What are the bill's chances?

It's not a secret that the NCAA wants a federal framework from Congress to guide its impending rules allowing athletes to get endorsement and sponsor money. As states across the country are passing bills allowing college athletes to make money, the NCAA would prefer to have a superseding federal law to follow instead of myriad state laws and the different intricacies that come with them.

Classifying players as employees of the school would tear away the facade that the NCAA has put up for years while schools, coaches and administrators have made millions while athletes haven't made anything. And the NCAA said Thursday afternoon that it wasn't happy with the bill.

“College athletes are students and not employees of their college or university," the NCAA said in a statement. "This bill would directly undercut the purpose of college: earning a degree. The NCAA and its member schools support student-athletes through scholarships – many of which cover their full cost of education debt free – and numerous other benefits. NCAA members also are committed to modernizing name, image and likeness rules so student-athletes can benefit from those opportunities but not become employees of their school. We will continue to work with members of Congress to focus on issues that align with our priorities. But turning student-athletes into union employees is not the answer.”

Deeming athletes as employees would also go against one of the things the NCAA is hoping to achieve with its name, image and likeness rules. Schools have been adamant about a pay-for-play structure in college athletics. They would prefer that athletes make money from third parties and not from the schools directly outside of scholarships and cost-of-attendance stipends.

The radical changes proposed in the bill could hurt the bill's chances of passing. Democrats only have a majority in the Senate — Sanders caucuses as a Democrat — by virtue of a tie-breaking vote from Vice President Kamala Harris. Would each of the 50 Democrats in the Senate support the bill?

Murphy has been one of the most outspoken critics of the NCAA in recent years. The senator penned a guest op-ed for Yahoo Sports in January about the topic. In it, Murphy argued that the NCAA shouldn't be in charge of governing new income rules for players.

First, we need to lift restrictions on how college athletes make money off their own name, image and likeness. It’s crazy that Nick Saban can make millions by appearing in non-stop Aflac commercials, but if his star players did the same, they would be banned from college sports. I’ll be introducing legislation that gives college athletes the right to make money off their talent, and I won’t support legislation that puts the NCAA in charge of regulating this right.

Putting the NCAA — the group that has the most to lose from generous college athlete endorsement deals — in charge of these endorsement deals would effectively render the right meaningless. If coaches can have unrestricted endorsement rights, so should students. The world won’t end, like all the adults making money off the kids’ free labor claim.
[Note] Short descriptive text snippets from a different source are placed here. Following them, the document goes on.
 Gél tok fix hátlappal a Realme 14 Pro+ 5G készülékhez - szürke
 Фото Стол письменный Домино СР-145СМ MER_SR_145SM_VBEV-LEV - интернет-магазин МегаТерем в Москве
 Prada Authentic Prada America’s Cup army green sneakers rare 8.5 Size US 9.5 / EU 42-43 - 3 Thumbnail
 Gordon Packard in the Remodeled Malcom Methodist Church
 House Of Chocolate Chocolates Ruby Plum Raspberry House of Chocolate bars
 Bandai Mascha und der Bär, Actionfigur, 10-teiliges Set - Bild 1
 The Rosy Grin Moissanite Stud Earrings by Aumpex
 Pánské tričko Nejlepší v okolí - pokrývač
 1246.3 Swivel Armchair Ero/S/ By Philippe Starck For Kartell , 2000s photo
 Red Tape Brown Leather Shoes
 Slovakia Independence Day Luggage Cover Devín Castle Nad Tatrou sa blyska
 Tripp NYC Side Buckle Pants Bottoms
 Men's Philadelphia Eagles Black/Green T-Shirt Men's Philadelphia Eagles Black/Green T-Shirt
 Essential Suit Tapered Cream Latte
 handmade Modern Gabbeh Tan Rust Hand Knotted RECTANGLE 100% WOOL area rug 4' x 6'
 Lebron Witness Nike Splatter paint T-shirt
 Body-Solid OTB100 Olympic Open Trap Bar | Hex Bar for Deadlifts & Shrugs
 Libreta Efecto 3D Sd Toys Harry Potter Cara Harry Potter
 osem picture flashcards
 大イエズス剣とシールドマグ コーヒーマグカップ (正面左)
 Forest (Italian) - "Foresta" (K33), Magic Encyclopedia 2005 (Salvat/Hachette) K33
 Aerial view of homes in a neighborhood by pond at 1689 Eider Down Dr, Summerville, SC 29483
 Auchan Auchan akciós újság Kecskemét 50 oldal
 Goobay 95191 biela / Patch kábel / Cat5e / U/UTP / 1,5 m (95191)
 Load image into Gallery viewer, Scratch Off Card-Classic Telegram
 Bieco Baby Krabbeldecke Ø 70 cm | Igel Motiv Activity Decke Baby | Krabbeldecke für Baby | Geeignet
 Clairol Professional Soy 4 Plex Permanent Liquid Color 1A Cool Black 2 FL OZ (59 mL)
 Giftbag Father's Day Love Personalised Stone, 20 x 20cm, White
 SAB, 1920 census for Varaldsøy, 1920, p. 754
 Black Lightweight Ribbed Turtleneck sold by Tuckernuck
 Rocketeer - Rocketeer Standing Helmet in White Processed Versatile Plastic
Timeline for NIL legislation

The bill's introduction comes as there hasn't been much optimism for a federal law governing athlete endorsements to come before July 1 — the date five states' new NIL laws take effect.

The NCAA said on May 19 that it expected its Division I Council to act on new NIL rules in its June 22-23 meeting. Action from the council would come just before the implementation of those new laws and be a boon for schools in the 45 states without laws set to go into effect.

“Having the legislation in place by July 1 would provide greater consistency in the name, image and likeness opportunities available to student-athletes nationally as state laws become effective on or around July 1,” the NCAA said last week. “The Council expressed general support for amending the effective date of the proposals from Aug. 1, 2021, to July 1, 2021, or immediately if action is taken after July 1."